Source records:
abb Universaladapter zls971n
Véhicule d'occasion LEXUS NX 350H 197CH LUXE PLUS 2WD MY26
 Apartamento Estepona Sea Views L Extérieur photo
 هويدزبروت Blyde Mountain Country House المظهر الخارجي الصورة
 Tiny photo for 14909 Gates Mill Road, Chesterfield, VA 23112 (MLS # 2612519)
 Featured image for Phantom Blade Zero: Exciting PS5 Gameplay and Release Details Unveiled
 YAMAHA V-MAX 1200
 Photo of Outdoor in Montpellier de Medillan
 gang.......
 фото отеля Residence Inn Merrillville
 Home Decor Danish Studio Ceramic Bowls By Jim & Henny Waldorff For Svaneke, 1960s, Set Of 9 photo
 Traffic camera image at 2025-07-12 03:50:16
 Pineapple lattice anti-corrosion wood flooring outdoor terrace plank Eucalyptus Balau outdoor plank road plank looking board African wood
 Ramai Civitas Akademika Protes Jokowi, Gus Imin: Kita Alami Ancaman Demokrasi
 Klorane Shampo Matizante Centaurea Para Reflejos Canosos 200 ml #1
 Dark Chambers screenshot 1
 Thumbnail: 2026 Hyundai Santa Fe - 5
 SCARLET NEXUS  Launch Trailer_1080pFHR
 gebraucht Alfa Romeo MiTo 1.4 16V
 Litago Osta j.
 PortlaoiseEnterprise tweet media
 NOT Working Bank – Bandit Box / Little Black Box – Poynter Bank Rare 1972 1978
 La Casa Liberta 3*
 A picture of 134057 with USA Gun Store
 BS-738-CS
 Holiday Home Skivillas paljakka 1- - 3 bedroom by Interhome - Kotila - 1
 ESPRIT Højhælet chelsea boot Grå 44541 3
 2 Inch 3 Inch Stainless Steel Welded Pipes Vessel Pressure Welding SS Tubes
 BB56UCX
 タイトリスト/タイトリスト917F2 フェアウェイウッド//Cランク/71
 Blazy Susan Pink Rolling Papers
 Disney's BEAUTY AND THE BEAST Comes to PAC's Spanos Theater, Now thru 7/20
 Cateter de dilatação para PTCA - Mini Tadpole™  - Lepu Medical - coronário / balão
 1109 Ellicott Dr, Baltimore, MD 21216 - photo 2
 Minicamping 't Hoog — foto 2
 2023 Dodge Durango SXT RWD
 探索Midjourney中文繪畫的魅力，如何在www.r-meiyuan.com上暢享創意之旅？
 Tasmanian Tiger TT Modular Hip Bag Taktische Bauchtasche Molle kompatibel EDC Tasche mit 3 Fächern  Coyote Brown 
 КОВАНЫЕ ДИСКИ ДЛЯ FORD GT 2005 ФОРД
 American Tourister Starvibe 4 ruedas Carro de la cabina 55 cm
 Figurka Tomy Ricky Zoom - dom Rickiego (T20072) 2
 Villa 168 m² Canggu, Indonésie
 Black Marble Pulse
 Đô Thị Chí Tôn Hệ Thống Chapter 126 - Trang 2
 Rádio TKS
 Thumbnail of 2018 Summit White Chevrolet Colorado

What to work on: Everything above from the line containing "Dark Chambers screenshot 1" down to the line containing "Holiday Home Skivillas" is to be transcribed exactly, with both of those lines included and nothing else added.

Expected answer:
 Dark Chambers screenshot 1
 Thumbnail: 2026 Hyundai Santa Fe - 5
 SCARLET NEXUS  Launch Trailer_1080pFHR
 gebraucht Alfa Romeo MiTo 1.4 16V
 Litago Osta j.
 PortlaoiseEnterprise tweet media
 NOT Working Bank – Bandit Box / Little Black Box – Poynter Bank Rare 1972 1978
 La Casa Liberta 3*
 A picture of 134057 with USA Gun Store
 BS-738-CS
 Holiday Home Skivillas paljakka 1- - 3 bedroom by Interhome - Kotila - 1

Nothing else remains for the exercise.